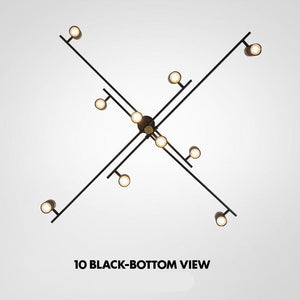 Lynx Design Chandelier: Rotatable Sputnik Chandelier-Ceiling Chandelier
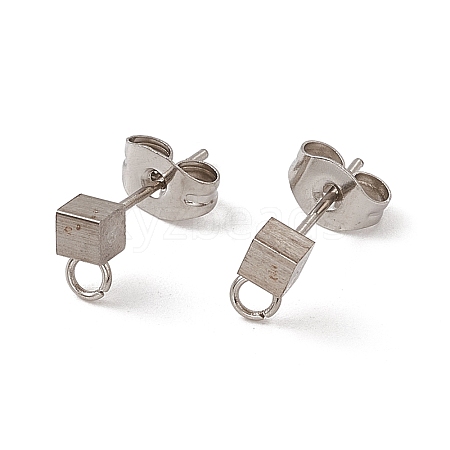 304 Stainless Steel Stud Earring Findings STAS-E179-03P-01-1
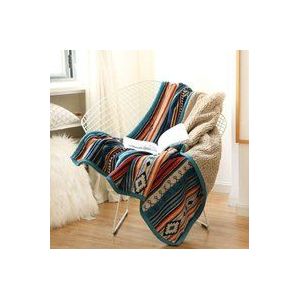 Ccykxa - Fleecedecke 127 x 152 cm, weiche Mikrofaser-Sherpa-Decke in Blau, weiche und gemütliche dicke Flanelldecke, weicher und warmer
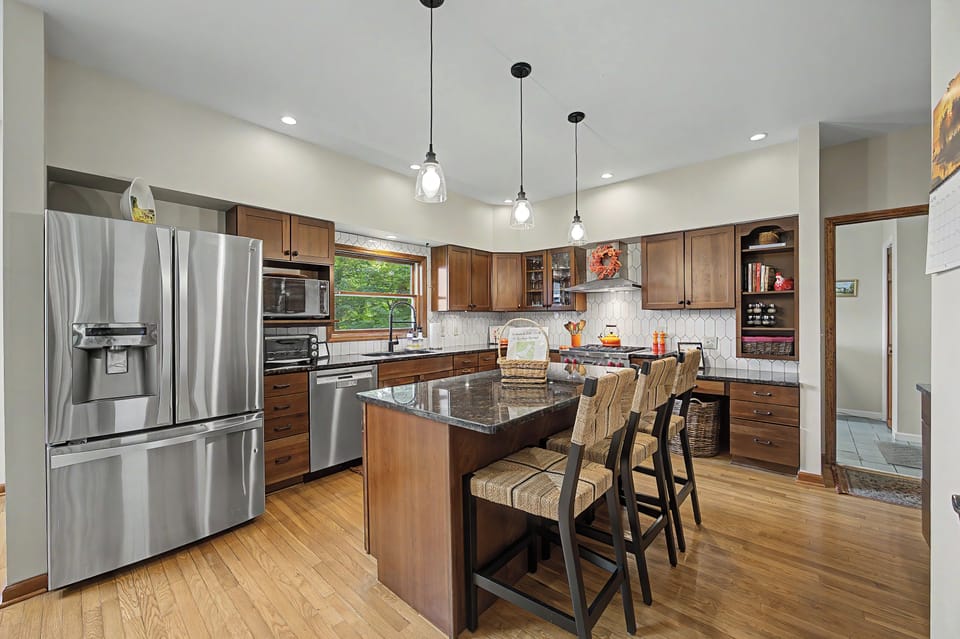 Fully equipped kitchen stocked with all essentials for your stay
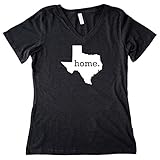 Homeland Tees Women's Texas Home State T-Shirt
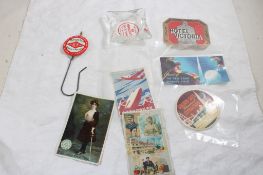 Advertising, Luggage Decals, Ashtray & More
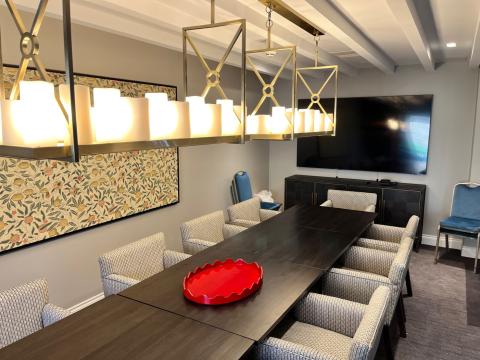 Aston's private dining room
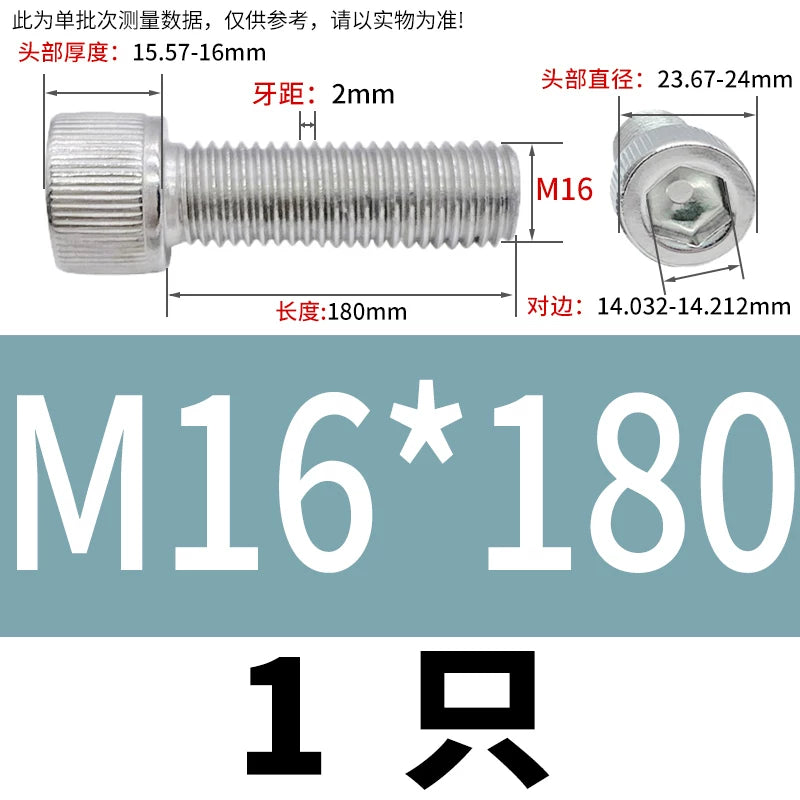 DIN912 M6-M30 Hex Socket Screw | 304 Stainless Steel Cylinder Cup Head Knurled Machine Screw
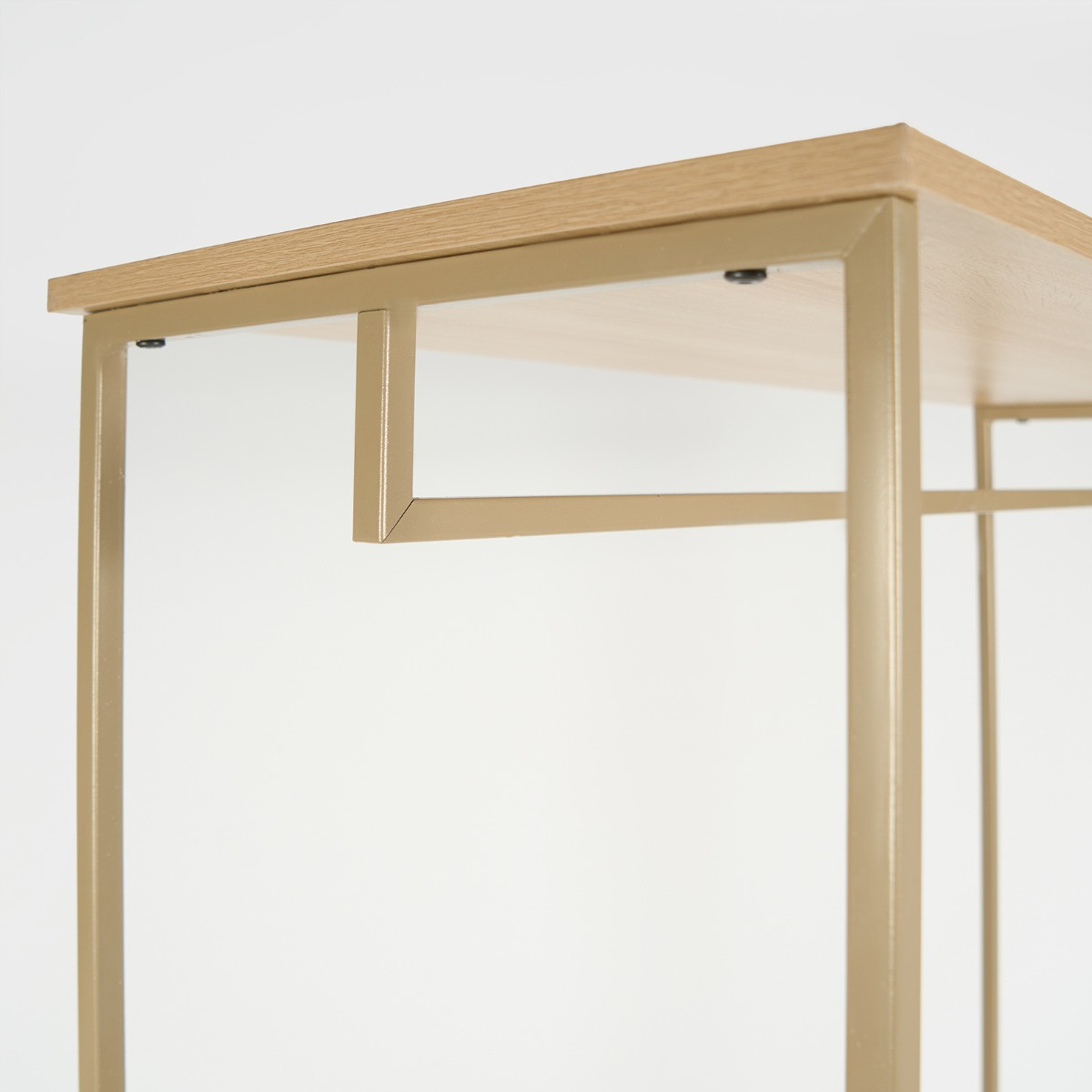 OHS Brooklyn 6 Drawer Fabric Cabinet with Hanging Rail - Beige>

========================================

▶ Work required: In the material above, repeat each entry exactly and omit every picture.

▶ Result below:
 Lynx Design Chandelier: Rotatable Sputnik Chandelier-Ceiling Chandelier
 304 Stainless Steel Stud Earring Findings STAS-E179-03P-01-1
 Ccykxa - Fleecedecke 127 x 152 cm, weiche Mikrofaser-Sherpa-Decke in Blau, weiche und gemütliche dicke Flanelldecke, weicher und warmer
 Fully equipped kitchen stocked with all essentials for your stay
 Homeland Tees Women's Texas Home State T-Shirt
 Advertising, Luggage Decals, Ashtray & More
 Aston's private dining room
 DIN912 M6-M30 Hex Socket Screw | 304 Stainless Steel Cylinder Cup Head Knurled Machine Screw
 OHS Brooklyn 6 Drawer Fabric Cabinet with Hanging Rail - Beige>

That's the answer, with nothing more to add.